Il aurait eu 100 ans 2020 : Boris Vian

             Boris Vian                          Il aurait eu 100 ans en 2020 : Boris Vian

                                                                                           (10 mars 1920 - 23 juin 1959)

 

 

Au cours de l’année universitaire 2019-2020, un petit groupe d’adhérentes s’était formé pour rendre hommage à cet ingénieur formé à l'École centrale devenu écrivain, poète, parolier, chanteur, critique musical, trompettiste de jazz, mais aussi scénariste, traducteur (anglais américain), conférencier, acteur, peintre… Malheureusement, la pandémie s’en est mêlée et ce panorama de la vie et de l’œuvre de Boris Vian n’a pu être présenté que début février 2022.

Pour entrer dans l’univers de Vian, on peut utiliser 3 clés : dès la plus tendre enfance, il baigne dans la culture, les mots, la langue, la musique. Dès l’enfance également, voire dès la naissance, il souffre de pathologies graves, cardiaque et pulmonaire. Sans doute conscient que le temps lui est compté, il s’emploie à vivre plusieurs vies à la fois, le plus rapidement possible. Enfin, comme arme contre l’angoisse, il choisit l’humour et le plus souvent l’humour noir. Ce qui ne l’empêche pas d’être un merveilleux poète.

Au cours de la soirée ont été lus des extraits de plusieurs de ses romans :

-          A propos de son manque d’intérêt pour des études qui sont loin de le passionner : L’herbe rouge

-          Sur  le jazz : L’Ecume des Jours (Le Pianocktail)

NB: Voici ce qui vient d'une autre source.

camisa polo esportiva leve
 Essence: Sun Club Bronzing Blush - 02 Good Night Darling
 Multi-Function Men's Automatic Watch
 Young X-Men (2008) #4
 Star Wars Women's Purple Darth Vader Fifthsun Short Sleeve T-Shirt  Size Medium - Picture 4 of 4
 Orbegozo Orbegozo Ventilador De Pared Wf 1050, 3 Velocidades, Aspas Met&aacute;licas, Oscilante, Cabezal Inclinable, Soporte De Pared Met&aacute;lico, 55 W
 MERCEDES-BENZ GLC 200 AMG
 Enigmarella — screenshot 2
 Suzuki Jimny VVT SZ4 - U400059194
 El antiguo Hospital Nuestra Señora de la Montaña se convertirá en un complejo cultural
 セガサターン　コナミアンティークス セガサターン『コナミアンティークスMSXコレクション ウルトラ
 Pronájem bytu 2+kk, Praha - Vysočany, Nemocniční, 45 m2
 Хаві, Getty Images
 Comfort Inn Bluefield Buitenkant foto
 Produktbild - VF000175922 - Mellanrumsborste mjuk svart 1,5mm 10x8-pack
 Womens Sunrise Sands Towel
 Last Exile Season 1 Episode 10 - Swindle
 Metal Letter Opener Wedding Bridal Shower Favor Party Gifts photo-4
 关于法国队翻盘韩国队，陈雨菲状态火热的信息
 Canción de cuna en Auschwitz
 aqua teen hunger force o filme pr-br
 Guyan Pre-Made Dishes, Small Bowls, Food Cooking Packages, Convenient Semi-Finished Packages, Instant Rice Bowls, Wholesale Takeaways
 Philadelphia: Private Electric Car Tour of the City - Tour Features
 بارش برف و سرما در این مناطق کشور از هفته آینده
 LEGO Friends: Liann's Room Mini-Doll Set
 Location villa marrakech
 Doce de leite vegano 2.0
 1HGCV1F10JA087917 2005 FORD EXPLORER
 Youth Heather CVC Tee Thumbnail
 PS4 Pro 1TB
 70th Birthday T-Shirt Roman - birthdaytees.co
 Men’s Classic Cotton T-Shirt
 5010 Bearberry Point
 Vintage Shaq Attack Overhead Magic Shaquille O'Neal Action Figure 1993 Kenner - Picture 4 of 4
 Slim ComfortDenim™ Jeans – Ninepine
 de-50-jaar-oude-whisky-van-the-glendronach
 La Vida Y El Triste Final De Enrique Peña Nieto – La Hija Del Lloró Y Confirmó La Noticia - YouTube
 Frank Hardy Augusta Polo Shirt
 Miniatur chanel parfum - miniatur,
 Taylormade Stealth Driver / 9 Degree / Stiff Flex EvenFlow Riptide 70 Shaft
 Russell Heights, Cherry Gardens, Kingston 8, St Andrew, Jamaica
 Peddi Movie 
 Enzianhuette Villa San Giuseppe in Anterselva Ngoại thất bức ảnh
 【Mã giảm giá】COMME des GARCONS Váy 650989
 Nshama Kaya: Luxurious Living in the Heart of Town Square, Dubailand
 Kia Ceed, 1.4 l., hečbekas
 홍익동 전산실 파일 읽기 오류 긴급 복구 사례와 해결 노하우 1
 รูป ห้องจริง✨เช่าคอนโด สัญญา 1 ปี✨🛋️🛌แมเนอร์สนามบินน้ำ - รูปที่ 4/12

-          Poésie Cent sonnets, Sansonnets : Ballade pessimiste

-          Ecrit pour Michèle : Conte de fées à l'usage des moyennes personnes dont Alfred Jabès dit Bimbo, signe les illustrations.

-          L’Écume des jours : les dernières pages « la petite souris »

-          Vernon Sullivan : J'irai cracher sur vos tombes

-          Vian au Tabou : textes de Beauvoir et Semprun 

-          L'Automne à Pékin

-          Vernon Sullivan Et on tuera tous les affreux 

-          L'Herbe rouge

-          Cantilènes en gelée, recueil de poèmes illustré par Christiane Alanore

-          L'Arrache-cœur, son dernier roman.

-         A propos de la chanson Le Déserteur : L’évadé (poème)

-         Je voudrais pas crever

 -        Texte de Prévert écrit à la mort de Boris

 

Un peu déstabilisante au prime abord, la lecture des textes de Vian devient vite addictive dès qu’on entre dans son univers linguistique. 

Texte majeur de son œuvre, l’Ecume des jours nous donne le mode d’emploi.

Le texte est truffé de trouvailles linguistiques mises au service d’un récit qui se déroule dans un monde onirique. Vian tourne le dos au réalisme et fait la part belle à la poésie, l’absurde et l’humour noir.

« L’histoire est entièrement vraie, puisque je l’ai imaginée d’un bout à l’autre » dit-il.

Dans L’Écume des jours, les serviettes sèchent parce qu’on les fait dégorger avec du sel. La musique, omniprésente, fait changer la forme des pièces d’habitation, en fonction de l’air de jazz que l’on y joue. On rencontre aussi d’étranges appareils, un peu êtres vivants et un peu machines, comme le lapin modifié qui fabrique des cachets chez le pharmacien.

 

Il rejette les conventions, fuit le réalisme, détourne et recrée les mots, par exemple en utilisant la racine ou l’onomatopée pour créer un néologisme dont le sens n’échappe pourtant pas au lecteur. Ainsi, Chloé et Colin ne prennent pas le soleil, mais « l’un près de l’autre, se laissaient insoler sans rien dire », tandis que « quelques bestioles zonzonnaient dans le soleil ».

Il donne un sens nouveau aux mots qui existent, comme lorsque le pharmacien, en se déplaçant, produit un frottis, et non un frottement.

Vian utilise aussi des expressions toutes faites et les prend au pied de la lettre. Ainsi, on trouve un lance-pierre parmi les couteaux et les fourchettes. Un lance-pierre comme couvert ? Bien sûr ! Ne dit-on pas manger avec un lance-pierre ?

 

Enfin, l’humour noir, type d’humour qui doit être d’une rigueur absolue, permet d’évoquer avec détachement des choses terribles ou contraires à la morale. Il est à la fois subversif et absurde. L’humour noir ne fait pas rire aux éclats, il déstabilise.

L’humour noir permet de rendre supportable l’insupportable, de transformer l’horrible en beau. L’humour noir fait rire le désespéré, d’un rire amer.